In response, Erdogan accused the White House of waging an economic war against Ankara in the form of an “underhand plot.” This, despite Turkey’s pre-existing poor economic outlook, with inflation in the debt-ridden country at an estimated 15 percent and as investors charge the government with prohibiting the central bank from raising interest rates, perceived as further evidence of creeping authoritarianism.
According to Dr. Christopher Phillips, Associate Fellow at the London-based Chatham House think-tank and an expert on Turkish foreign policy, Erdogan has for years used confrontations with external actors as a means of deflecting blame away from his own internal failings.
“Erdogan clearly has a loyal base,” he related to The Media Line, “which has stuck with him even during a clampdown on civil liberties. The Turkish economy has been struggling for some time, but this also has not detracted from his support. One suspects that Erdogan’s followers will continue to take him at his word when he pins the crisis on Trump, who has shown hostility.”

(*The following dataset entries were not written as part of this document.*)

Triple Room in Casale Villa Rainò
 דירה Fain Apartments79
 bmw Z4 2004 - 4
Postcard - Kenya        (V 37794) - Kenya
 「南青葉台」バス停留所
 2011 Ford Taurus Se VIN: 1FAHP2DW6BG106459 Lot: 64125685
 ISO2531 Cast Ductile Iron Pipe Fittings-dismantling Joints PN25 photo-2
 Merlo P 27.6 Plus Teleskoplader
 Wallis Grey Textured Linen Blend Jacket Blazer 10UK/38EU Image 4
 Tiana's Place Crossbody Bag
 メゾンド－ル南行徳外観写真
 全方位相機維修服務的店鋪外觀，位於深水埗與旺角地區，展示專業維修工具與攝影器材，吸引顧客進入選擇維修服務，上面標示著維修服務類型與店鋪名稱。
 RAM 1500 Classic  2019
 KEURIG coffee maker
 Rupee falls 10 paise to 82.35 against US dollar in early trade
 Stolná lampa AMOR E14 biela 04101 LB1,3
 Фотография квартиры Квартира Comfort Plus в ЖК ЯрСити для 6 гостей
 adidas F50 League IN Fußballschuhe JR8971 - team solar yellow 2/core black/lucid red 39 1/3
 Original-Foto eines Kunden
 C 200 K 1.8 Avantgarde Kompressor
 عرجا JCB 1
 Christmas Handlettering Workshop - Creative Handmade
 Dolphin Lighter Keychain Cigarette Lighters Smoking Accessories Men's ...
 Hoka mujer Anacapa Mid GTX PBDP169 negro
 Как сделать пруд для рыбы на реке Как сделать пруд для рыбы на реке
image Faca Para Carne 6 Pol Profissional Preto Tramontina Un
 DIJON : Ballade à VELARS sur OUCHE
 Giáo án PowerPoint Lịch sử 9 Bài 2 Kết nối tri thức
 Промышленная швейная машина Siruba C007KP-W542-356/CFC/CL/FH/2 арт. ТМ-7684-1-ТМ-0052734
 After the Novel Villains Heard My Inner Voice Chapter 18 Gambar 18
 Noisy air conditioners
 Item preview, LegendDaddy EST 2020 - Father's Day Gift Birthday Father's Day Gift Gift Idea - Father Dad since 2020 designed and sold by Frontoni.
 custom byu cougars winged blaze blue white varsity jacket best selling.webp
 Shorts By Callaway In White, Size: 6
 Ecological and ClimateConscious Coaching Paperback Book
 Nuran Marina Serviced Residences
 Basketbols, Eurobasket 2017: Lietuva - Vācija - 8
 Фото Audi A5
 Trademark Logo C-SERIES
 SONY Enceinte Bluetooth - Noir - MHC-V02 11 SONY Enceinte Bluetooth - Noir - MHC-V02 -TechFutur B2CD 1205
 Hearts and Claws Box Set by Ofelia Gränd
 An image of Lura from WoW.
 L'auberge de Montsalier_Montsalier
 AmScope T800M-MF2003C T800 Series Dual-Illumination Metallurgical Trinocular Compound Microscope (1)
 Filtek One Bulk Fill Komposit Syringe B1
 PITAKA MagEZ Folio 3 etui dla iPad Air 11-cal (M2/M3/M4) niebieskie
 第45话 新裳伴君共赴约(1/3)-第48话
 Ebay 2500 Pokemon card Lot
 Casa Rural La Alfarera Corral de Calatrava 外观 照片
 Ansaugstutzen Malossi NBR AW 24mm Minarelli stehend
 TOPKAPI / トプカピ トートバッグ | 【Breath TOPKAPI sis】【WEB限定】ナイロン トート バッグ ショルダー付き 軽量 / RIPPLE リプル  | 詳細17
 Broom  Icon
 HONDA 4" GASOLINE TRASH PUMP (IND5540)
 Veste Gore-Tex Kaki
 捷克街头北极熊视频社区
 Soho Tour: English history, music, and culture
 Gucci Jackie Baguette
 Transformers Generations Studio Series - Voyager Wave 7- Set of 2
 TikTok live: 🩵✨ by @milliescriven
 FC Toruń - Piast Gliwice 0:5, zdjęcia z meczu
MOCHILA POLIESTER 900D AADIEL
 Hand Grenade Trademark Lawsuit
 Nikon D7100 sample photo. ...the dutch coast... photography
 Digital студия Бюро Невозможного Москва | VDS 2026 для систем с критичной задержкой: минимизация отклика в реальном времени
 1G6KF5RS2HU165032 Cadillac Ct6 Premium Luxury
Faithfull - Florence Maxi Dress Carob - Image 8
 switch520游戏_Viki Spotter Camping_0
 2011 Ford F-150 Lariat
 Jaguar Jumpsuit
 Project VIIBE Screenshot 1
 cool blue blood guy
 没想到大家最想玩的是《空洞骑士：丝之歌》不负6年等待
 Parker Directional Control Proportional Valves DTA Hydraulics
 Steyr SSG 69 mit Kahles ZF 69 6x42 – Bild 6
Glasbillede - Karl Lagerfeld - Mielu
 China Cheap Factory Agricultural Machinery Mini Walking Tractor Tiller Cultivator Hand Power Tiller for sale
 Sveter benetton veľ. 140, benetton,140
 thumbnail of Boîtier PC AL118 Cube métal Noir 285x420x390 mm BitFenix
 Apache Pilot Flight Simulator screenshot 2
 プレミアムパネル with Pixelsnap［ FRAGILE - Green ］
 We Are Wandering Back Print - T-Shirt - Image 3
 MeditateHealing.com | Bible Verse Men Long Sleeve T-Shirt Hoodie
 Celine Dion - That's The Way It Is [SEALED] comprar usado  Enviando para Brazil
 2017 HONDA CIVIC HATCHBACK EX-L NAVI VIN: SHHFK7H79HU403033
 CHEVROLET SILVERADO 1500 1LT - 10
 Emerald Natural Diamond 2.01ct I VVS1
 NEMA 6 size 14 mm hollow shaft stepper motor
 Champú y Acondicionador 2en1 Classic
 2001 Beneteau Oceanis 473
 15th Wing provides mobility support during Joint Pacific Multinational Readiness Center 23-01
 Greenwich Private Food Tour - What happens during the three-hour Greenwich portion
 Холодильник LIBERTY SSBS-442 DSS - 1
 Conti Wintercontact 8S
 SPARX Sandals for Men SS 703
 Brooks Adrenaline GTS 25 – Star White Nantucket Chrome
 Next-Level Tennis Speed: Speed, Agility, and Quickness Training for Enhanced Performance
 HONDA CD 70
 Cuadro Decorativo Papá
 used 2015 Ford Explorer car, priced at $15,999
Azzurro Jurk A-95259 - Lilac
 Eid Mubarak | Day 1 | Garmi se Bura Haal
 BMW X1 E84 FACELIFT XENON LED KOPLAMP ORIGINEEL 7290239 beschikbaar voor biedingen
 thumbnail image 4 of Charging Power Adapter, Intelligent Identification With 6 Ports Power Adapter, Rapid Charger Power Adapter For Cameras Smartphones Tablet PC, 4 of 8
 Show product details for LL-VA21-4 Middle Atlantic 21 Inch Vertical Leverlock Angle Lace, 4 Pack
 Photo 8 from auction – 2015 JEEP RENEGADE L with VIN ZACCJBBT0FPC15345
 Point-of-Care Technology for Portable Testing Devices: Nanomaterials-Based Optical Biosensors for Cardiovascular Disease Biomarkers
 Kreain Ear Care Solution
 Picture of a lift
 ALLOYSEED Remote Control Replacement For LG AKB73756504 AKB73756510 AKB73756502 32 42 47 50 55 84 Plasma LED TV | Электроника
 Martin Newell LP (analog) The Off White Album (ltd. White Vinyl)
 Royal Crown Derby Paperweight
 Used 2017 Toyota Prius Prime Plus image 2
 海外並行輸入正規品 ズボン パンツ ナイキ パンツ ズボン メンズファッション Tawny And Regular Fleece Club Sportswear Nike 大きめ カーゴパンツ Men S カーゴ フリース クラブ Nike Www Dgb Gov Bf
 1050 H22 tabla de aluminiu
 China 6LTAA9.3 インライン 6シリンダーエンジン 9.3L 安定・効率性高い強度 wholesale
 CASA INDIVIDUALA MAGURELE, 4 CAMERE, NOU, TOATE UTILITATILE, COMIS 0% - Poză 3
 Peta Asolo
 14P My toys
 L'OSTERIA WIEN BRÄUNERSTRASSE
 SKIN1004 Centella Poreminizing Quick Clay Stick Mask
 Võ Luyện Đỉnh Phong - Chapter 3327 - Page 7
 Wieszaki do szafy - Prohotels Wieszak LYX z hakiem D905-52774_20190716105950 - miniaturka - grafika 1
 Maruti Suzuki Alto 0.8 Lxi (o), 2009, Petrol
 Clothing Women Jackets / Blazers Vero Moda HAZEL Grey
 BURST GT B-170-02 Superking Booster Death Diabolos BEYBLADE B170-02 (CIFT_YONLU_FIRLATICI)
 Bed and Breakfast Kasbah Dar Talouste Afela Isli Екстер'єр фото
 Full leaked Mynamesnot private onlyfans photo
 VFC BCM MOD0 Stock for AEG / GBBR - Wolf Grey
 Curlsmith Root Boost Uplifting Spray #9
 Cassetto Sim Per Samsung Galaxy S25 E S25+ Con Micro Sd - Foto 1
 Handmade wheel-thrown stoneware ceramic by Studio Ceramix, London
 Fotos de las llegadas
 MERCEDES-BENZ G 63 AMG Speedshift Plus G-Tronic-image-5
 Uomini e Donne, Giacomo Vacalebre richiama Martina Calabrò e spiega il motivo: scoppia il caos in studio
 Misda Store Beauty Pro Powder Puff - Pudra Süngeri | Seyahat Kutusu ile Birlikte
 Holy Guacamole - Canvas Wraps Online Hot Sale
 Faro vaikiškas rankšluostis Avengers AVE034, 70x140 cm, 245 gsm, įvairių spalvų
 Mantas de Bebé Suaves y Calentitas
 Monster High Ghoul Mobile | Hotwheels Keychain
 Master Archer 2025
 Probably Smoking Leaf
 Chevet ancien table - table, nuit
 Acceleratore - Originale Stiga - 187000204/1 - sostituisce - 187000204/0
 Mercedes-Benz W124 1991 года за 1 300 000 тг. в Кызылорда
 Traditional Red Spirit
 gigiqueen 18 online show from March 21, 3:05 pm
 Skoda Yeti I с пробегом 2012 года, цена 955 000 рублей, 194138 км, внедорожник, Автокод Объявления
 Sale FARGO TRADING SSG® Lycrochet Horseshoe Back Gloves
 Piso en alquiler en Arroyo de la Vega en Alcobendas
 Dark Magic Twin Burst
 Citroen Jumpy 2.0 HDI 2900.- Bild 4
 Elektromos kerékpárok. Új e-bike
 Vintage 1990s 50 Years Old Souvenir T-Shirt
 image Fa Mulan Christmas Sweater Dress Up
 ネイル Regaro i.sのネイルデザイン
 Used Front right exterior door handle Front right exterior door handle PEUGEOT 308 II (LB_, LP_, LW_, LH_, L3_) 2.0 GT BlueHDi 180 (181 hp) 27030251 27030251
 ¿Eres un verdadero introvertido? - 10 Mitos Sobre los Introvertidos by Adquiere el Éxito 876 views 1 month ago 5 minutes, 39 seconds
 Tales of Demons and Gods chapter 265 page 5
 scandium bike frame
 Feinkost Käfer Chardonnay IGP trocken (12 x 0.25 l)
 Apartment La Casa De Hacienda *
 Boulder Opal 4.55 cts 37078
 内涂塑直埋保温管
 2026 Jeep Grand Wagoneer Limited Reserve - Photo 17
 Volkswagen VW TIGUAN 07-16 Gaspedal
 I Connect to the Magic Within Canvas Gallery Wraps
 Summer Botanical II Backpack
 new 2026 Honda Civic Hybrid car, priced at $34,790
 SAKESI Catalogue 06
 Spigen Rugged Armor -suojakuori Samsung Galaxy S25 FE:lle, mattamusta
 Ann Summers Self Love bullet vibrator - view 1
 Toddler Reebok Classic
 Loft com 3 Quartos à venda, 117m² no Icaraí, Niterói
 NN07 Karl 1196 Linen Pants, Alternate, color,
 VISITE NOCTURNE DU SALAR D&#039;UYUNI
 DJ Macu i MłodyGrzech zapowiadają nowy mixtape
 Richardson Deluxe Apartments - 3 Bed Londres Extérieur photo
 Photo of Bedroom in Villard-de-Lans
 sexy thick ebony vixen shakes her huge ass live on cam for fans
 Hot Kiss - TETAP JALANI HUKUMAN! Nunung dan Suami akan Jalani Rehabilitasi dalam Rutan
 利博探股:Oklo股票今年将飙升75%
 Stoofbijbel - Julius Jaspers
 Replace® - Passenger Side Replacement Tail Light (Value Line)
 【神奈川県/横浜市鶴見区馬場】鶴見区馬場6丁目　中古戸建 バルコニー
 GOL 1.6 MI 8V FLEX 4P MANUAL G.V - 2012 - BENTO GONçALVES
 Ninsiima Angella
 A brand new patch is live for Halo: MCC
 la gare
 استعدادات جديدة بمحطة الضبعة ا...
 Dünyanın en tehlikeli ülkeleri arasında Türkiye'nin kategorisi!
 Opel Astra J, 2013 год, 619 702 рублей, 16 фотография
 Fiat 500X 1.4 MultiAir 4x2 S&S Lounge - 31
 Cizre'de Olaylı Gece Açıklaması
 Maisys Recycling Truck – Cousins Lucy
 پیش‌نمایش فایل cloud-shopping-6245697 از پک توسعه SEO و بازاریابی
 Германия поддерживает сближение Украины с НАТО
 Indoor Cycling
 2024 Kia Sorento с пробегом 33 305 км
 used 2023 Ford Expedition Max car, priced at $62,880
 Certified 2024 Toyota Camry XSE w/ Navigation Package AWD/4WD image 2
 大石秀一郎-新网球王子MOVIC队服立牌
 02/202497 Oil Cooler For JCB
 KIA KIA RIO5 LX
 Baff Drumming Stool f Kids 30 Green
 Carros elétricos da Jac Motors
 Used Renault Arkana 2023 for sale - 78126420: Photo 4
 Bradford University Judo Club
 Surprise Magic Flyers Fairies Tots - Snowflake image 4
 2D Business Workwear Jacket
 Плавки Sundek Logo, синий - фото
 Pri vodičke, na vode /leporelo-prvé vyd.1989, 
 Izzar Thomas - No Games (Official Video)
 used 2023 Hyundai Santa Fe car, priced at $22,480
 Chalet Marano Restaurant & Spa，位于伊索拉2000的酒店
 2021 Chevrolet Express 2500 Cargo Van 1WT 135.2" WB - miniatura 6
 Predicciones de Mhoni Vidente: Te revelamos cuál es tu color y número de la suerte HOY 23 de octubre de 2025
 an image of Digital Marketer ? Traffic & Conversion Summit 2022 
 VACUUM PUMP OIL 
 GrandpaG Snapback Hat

As such, Dr. Phillips deems it unlikely that Erdogan will reverse course. “An economist would tell him to make amends regarding the American pastor so that the financial penalties go away. This would [mitigate] the immediate shocks and Ankara could then focus on the harder-to-fix problems such as high inflation and deep debt. But this is what happens when power is concentrated in the hands of one person. It would require a huge climb down on Erdogan’s part.”
The question, then, is how far both sides might be willing to go.
“Many leaders are sometimes ready to endure pain in order to achieve something more important to them,” Dr. Alon Liel, formerly the head of Israel’s mission in Turkey and thereafter director general of the Israeli Ministry of Foreign Affairs, explained to The Media Line. “In this case, Erdogan is willing to damage the economy in order to have Fethullah Gulen extradited, as he views this movement as a threat to Turkey’s future. This extends well beyond the row with the U.S., as Erdogan has arrested tens of thousands of ‘Gulenists’ involved not only in the economy but all aspects of society.”
While Dr. Liel noted that the “U.S. is in every way much stronger than Turkey,” he nevertheless suggests that President Trump may, somewhat paradoxically, be more constrained than his counterpart. “Erdogan is a populist whose regime is stable and there are no elections upcoming. So he can afford politically to have some damage to the economy and he can take things much further. Trump is in a different situation as he has strong democratic opposition and a lot of turmoil surrounding his administration. He also has partial conflicts with Europe, China and a big one with Iran. So I do not know if Trump can afford to lose Turkey.”
Still others believe that this eventuality is, in fact, an inevitability, as Erdogan increasingly transforms Turkey in his own image. Notably, after the U.S. last week imposed sanctions on Ankara, Erdogan’s first call was to Moscow. In fact, Turkey’s long-discussed ascension to the European Union is, in the eyes of many, a less likely outcome today than the country being kicked out of NATO for purchasing Russian air defense systems.
As such, while relations with the U.S. may ultimately superficially improve, it appears that Erdogan’s break from the West is liable to accelerate.